Because a function can always be represented as $$f=f^{+}-f^{-}$$ we only consider whether positive functions have a mean value. We consider the case of set $$A$$ with a finite positive measure. In this context having a mean means having a finite integral, and not not being integrable means having an infinite integral.

Take $$X:=L^{0}(A)$$ (measurable functions over $$A$$), let $$P$$ denote the one-dimensional sub-space of $$A$$ consisting of constant functions (assuming the Lebesgue measure on $$A$$) and let $$F:=L^{0}(A)\setminus L^{1}(A)$$ (measurable functions over $$A$$ with no finite integral).

Let $$\lambda_{P}$$ denotes the Lebesgue measure over $$P$$, for any fixed $$f\in F$$:

$$\lambda_{P}\left(\left\{\alpha\in\mathbb{R}\left| \int_{A}\left(f+\alpha\right) d\mu<\infty\right.\right\}\right)=0$$ Meaning $$P$$ is a one-dimensional probe of $$f$$, so $$f$$ is a 1-prevalent set.

Is this true?

If so, then it seems my hypothesis is incorrect. Is this true?

If so, this still does not completely prove my hypothesis since we are taking the subset of all Lebesgue-measurable functions rather than the set subset of all measurable and non-measurable functions.

What do you think and what are your suggestions to proving this my hypothesis?

since measurable functions with a undefined expected value is prevelant in the set of all measurable functions; and the expected value of functions defined on non-measurable sets have an undefined expected value, the set of all functions (measurable/non-measurable) with an undefined (or infinite) expected value should be prevelant in the set of all functions .
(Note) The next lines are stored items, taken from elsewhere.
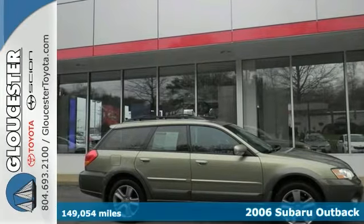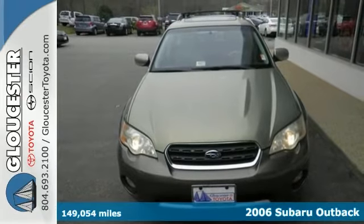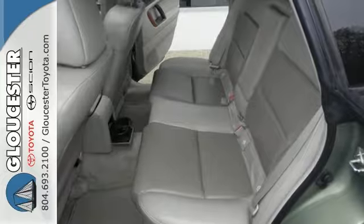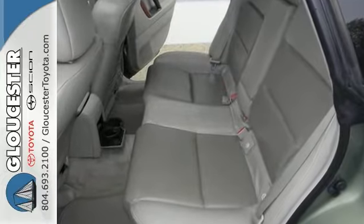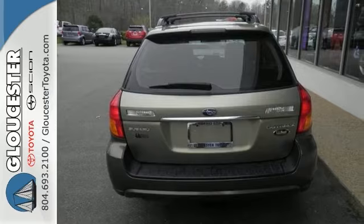This gorgeous 2006 Subaru Outback won't disappoint. And there you have it, short and sweet. It has a great cockpit layout with all the controls easy to find and right where you need them. Plus you get all-wheel drive, a sunroof, keyless entry, and you're going to love those heated leather seats. They only make it more appealing.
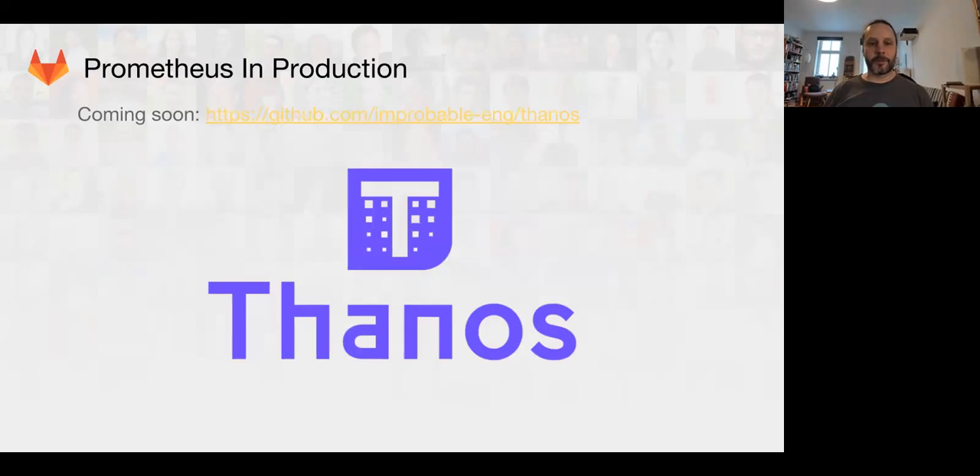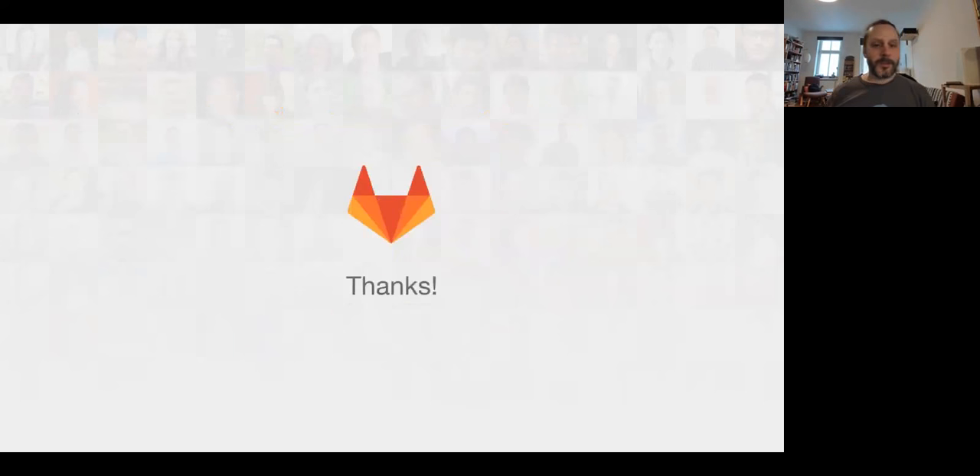Also coming soon to Prometheus in GitLab.com production is a sub-project of the Prometheus team's efforts — a really cool new tool called Thanos. One of the interesting things with Prometheus is it was designed to be very simple and easy to deploy, but growing to a very large scale can be a challenge. Thanos is an overlay layer that goes on top of multiple Prometheus servers in your production environment. It links all your Prometheus servers together and allows you a single query interface, plus it has other nice features including long-term storage, down-sampling, and a really great way of building a highly scalable Prometheus setup for your production clusters.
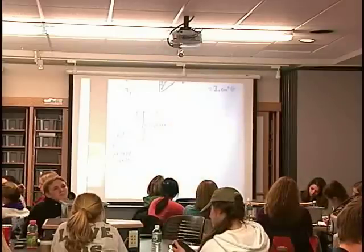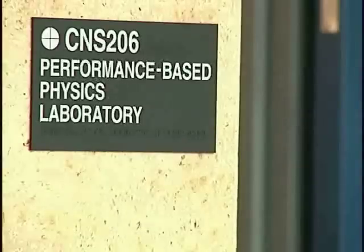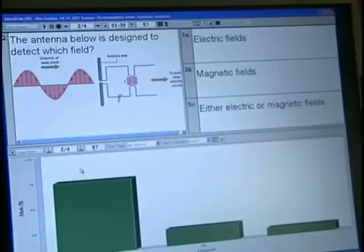Day one, you walk in and you go, this is different. Walking into room 206 in the Center for Natural Sciences, students learn in a whole new light. This interactive physics lab opened last semester.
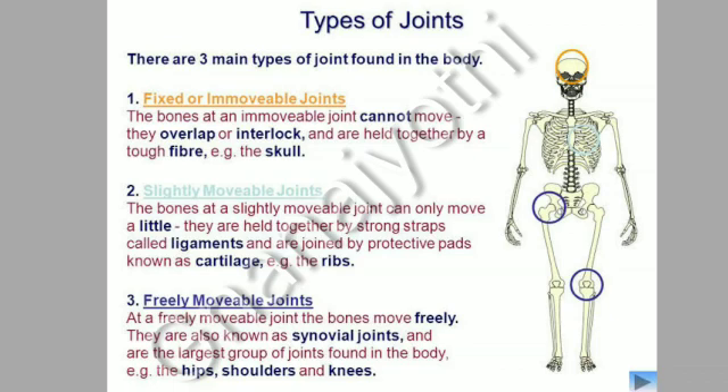Slightly movable joints — the bones at a slightly movable joint can only move a little. They are held together by strong straps called ligaments and are joined by protective pads known as cartilage. Example: the ribs.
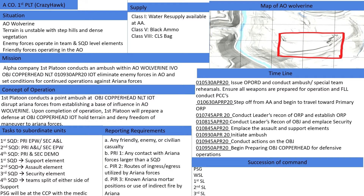The uniform for this operation will be ACUs, FLIC, ACH, IOTV, gloves, water source, and the Ranger handbook. Reporting requirements are any friendly, enemy, or civilian casualties; any contact with Ariana forces larger than a squad; routes of ingress or egress utilized by Ariana forces; or known Ariana mortar positions or use of indirect fire by Ariana.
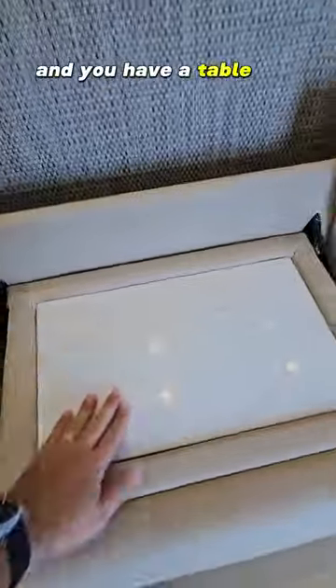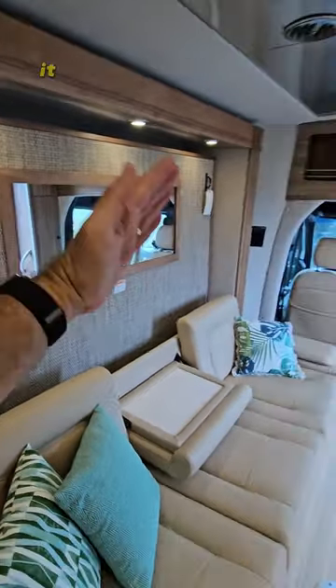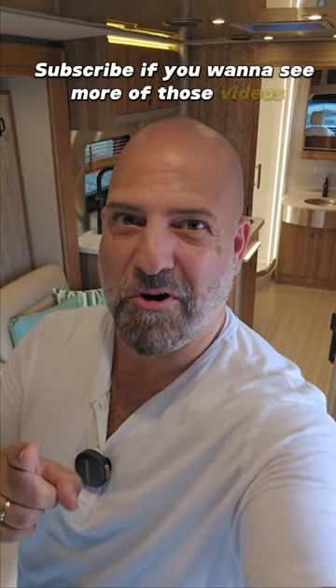Y tienes una mesa para poner tus bebidas. Y esa es tu cama abatible. Baja y ahí está tu dormitorio. Suscríbete al canal si quieres ver más de estos videos.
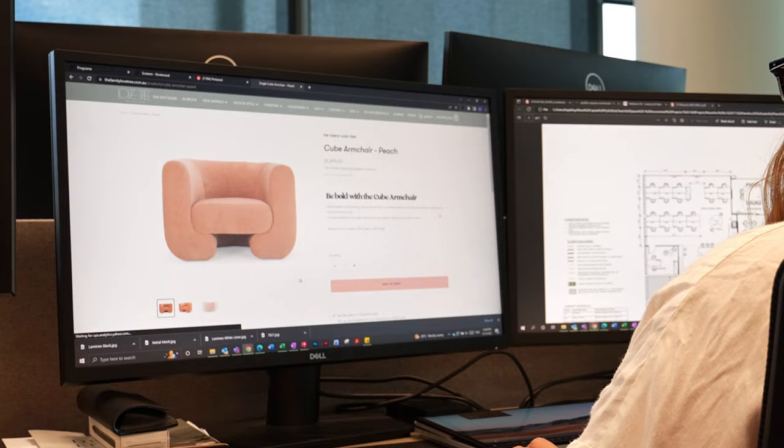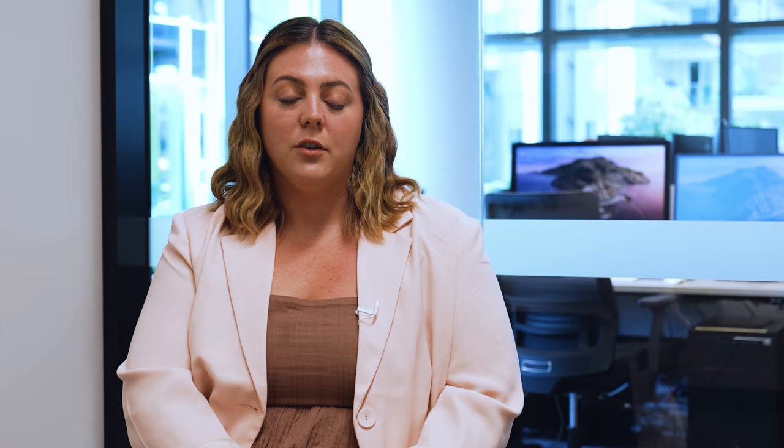I was looking on Pinterest for different inspo images. I had a really funky chair and just made it fit inside the actual tenancy. This is my first project, so it's quite nerve-wracking.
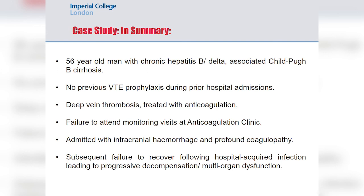In summary, this was a 56-year-old man with chronic hepatitis B and delta co-infection with associated Child-Pugh cirrhosis. He had multiple hospital admissions for management of his ascites during which he was not given VTE prophylaxis. He subsequently developed a DVT treated with anticoagulation — first low molecular weight heparin then warfarin — but did not attend anticoagulation clinic appointments, developing a profound coagulopathy with an INR of 14 and an intracranial haemorrhage. This precipitated hospital-acquired pneumonia, further decompensation with portal hypertension, ileus, sarcopenia, and progressive multi-organ dysfunction leading to his death.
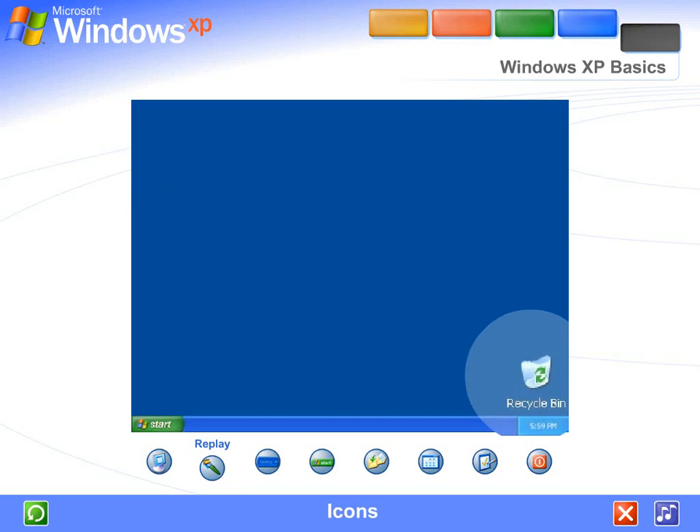The first time you start Windows XP, you'll see only one icon — the Recycle Bin, where you can send files you wish to delete from your computer.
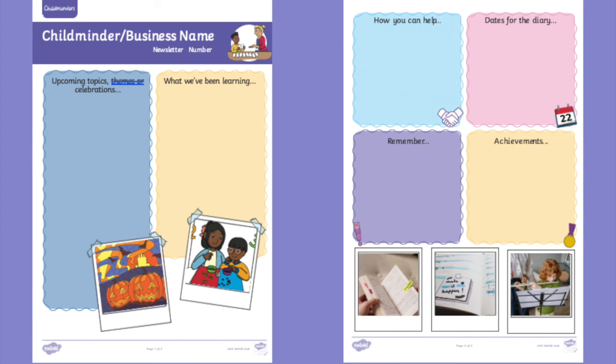Finally, we also have our childminder newsletter template which has had a little bit of a revamp. Thanks to all our friends in the Facebook group who helped us out.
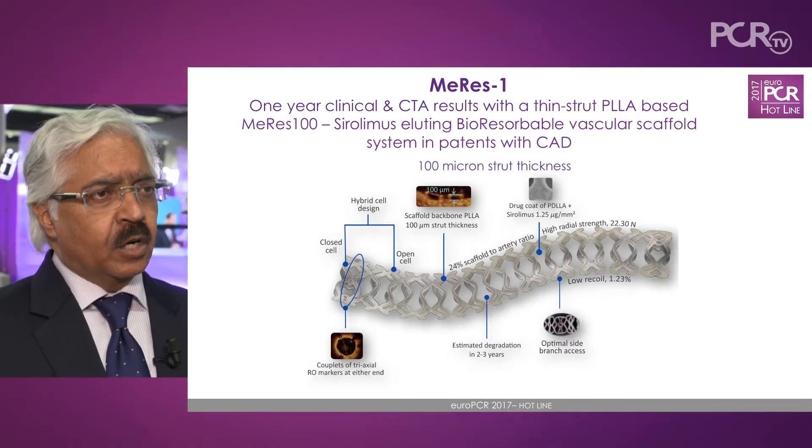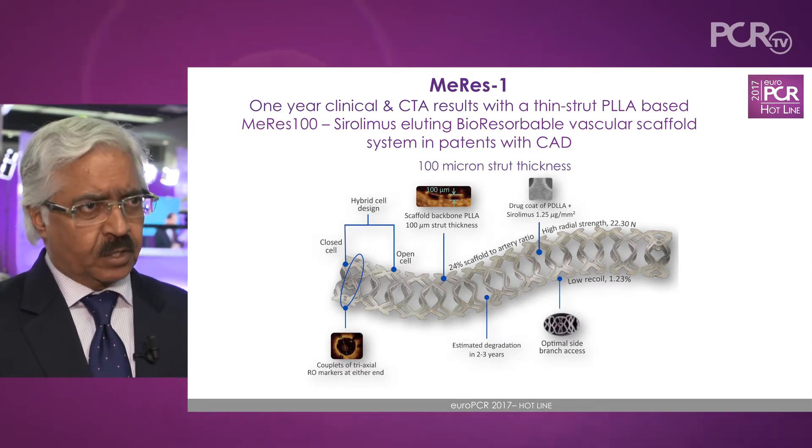The Mirus 100 is a novel architecture, thinner strut device. It's 100 microns thin, whereas the current generation of BRSs are 125 to 150 microns thick.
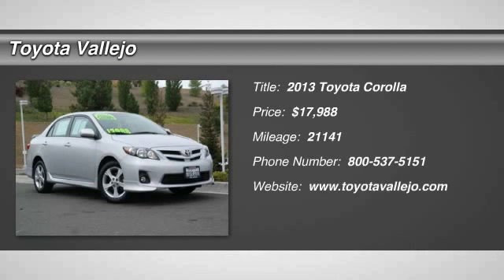Check out this 2013 Toyota Corolla. Don't let the miles fool you. Drive this home today.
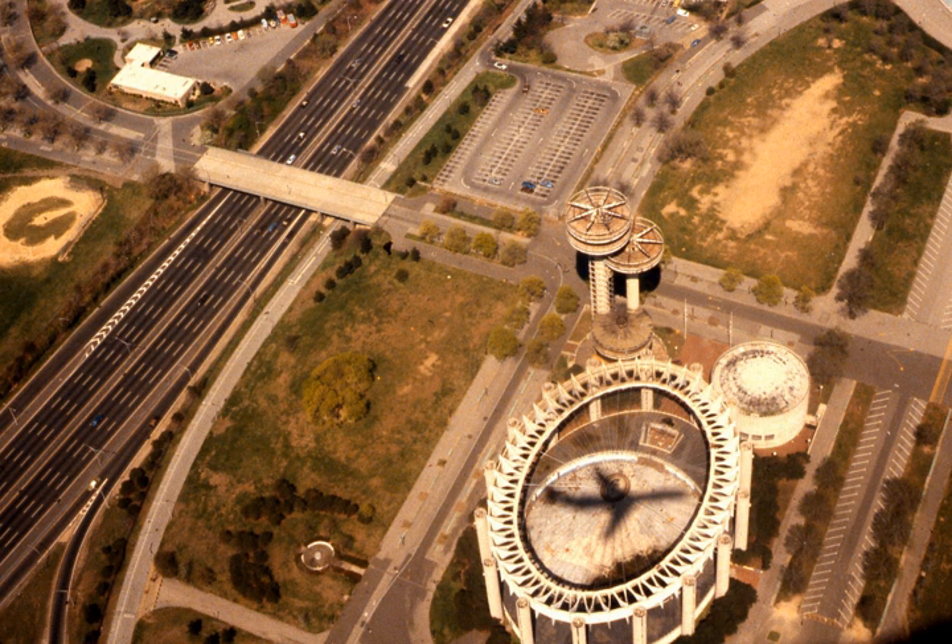An idea floated after the fair to use the floor for the World Trade Center didn't materialize. The observation towers are three concrete towers, with the tallest at 226 feet high. The towers have observation platforms which were once accessed by two elevators attached to the tallest tower. The southern tower has a platform height of 85 feet and the northern tower is at 160 feet.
• When you say $f$ has undefined expected value, do you mean $f$ is measurable but not integrable, or is $f$ allowed to be non-measurable?
– Adam
Feb 13, 2023 at 0:33
• @Adam Both: $f$ is measurable but not integrable and $f$ is allowed to be non-measurable. Feb 13, 2023 at 0:37

## 1 Answer

Yes. I'll assume the existence of non-measurable subsets of $$A$$ here, since otherwise all functions $$f:A \to \mathbb R$$ are measurable, and the question reduces to your previous one.

Let $$X \subset A$$ be non-measurable, and pick any function $$f:A \to \mathbb R$$. We will consider the one-dimensional vector space

$$V = \{f + c1_X : c \in \mathbb R\}.$$

Suppose two functions $$g, h \in V$$ are measurable. Then the function $$h - g = c1_X,\quad c \in \mathbb R,$$ is measurable, so $$c = 0$$, and $$g = h$$. Thus $$V$$ contains at most one measurable function, and we may deduce that the non-measurable functions are a prevalent set.